Suggested Next Steps

  1. Re-read the three docs:

    • docs/RESUME.md
    • docs/CONTAINER_LIFECYCLE_HANDOFF.md
    • docs/MIGRATION_STATUS_REPORT.md
  2. Verify latest .198 state:

    • ssh -i /home/archipelago/.ssh/id_ed25519 -o StrictHostKeyChecking=no archipelago@192.168.1.198 'df -h / /var/lib/archipelago; systemctl is-active archipelago.service; systemctl is-active archipelago-doctor.timer 2>/dev/null || true; systemctl is-active archipelago-reconcile.timer 2>/dev/null || true; sha256sum /usr/local/bin/archipelago'
  3. Start Podman-store-risk review:

    • Search for image/store operations: image_exists, podman image, podman system, podman prune, volume prune.
    • Prefer targeted container status/API calls with timeouts.
    • Avoid new broad store commands.
  4. Continue release code-review/refactor cleanup.

  5. If approved, run backend-restart validation and then host-reboot validation.
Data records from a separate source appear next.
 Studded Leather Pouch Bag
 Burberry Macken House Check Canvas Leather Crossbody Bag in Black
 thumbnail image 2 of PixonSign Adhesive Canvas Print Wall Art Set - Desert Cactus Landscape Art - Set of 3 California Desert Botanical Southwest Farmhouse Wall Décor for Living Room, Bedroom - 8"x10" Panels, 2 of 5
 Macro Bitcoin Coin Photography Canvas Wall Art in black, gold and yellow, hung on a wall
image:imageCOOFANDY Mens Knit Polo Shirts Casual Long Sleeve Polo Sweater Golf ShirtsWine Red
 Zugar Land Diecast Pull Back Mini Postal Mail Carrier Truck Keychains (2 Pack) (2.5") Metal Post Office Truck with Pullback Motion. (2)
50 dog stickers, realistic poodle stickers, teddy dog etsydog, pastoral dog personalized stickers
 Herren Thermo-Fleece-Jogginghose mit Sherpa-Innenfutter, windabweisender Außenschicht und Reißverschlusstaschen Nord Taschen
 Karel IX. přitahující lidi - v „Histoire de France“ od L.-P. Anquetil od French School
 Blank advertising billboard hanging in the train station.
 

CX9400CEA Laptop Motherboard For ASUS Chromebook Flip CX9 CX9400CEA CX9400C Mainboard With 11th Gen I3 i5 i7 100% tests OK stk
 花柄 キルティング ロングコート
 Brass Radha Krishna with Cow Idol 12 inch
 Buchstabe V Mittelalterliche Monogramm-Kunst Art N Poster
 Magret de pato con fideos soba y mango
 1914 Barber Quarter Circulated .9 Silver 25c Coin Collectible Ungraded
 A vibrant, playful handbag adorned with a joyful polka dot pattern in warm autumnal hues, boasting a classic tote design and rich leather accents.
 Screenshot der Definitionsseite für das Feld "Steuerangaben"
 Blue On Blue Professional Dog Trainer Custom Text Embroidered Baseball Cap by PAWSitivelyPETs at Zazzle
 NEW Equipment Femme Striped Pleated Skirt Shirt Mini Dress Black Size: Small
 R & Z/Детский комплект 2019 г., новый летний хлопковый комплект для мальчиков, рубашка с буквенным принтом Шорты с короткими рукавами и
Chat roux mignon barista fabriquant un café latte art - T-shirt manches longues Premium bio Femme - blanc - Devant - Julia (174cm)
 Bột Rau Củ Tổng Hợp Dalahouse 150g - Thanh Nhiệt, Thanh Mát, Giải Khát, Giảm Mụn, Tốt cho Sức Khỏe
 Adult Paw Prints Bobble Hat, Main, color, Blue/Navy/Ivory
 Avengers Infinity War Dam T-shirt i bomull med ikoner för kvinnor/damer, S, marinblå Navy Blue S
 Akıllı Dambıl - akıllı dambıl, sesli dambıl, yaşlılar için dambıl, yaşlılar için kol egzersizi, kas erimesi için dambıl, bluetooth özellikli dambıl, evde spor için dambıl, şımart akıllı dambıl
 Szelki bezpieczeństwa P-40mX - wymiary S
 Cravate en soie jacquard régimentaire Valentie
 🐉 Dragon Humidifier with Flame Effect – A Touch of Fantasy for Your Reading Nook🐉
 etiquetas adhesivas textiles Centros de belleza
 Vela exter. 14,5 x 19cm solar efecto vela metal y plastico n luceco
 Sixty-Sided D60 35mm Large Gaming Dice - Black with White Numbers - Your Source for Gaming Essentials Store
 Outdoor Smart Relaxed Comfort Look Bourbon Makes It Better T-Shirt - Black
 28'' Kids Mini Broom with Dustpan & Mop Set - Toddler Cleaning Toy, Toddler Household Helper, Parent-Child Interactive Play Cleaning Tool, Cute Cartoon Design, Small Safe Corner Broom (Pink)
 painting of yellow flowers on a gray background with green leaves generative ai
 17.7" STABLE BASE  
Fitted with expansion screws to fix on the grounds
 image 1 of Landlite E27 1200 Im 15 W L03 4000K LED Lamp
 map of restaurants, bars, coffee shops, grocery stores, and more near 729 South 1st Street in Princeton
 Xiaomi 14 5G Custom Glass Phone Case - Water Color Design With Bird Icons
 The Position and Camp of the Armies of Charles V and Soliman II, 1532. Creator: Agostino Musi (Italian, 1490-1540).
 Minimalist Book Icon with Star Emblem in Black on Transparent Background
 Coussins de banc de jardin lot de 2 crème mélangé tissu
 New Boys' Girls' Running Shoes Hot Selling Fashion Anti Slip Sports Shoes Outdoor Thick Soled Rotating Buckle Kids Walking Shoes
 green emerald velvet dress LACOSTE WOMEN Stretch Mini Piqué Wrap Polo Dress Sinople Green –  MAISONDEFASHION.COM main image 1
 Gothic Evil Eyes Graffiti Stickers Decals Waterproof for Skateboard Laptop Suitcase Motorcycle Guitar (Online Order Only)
Current Release Readiness Estimate

  • Credible release candidate: closer now, roughly 87-91%.
  • Production-quality release developers will love: still closer to 73-79%.

The biggest improvement in the latest pass is that broad lifecycle is green again on the latest backend. The biggest remaining technical risk is Podman store/socket health.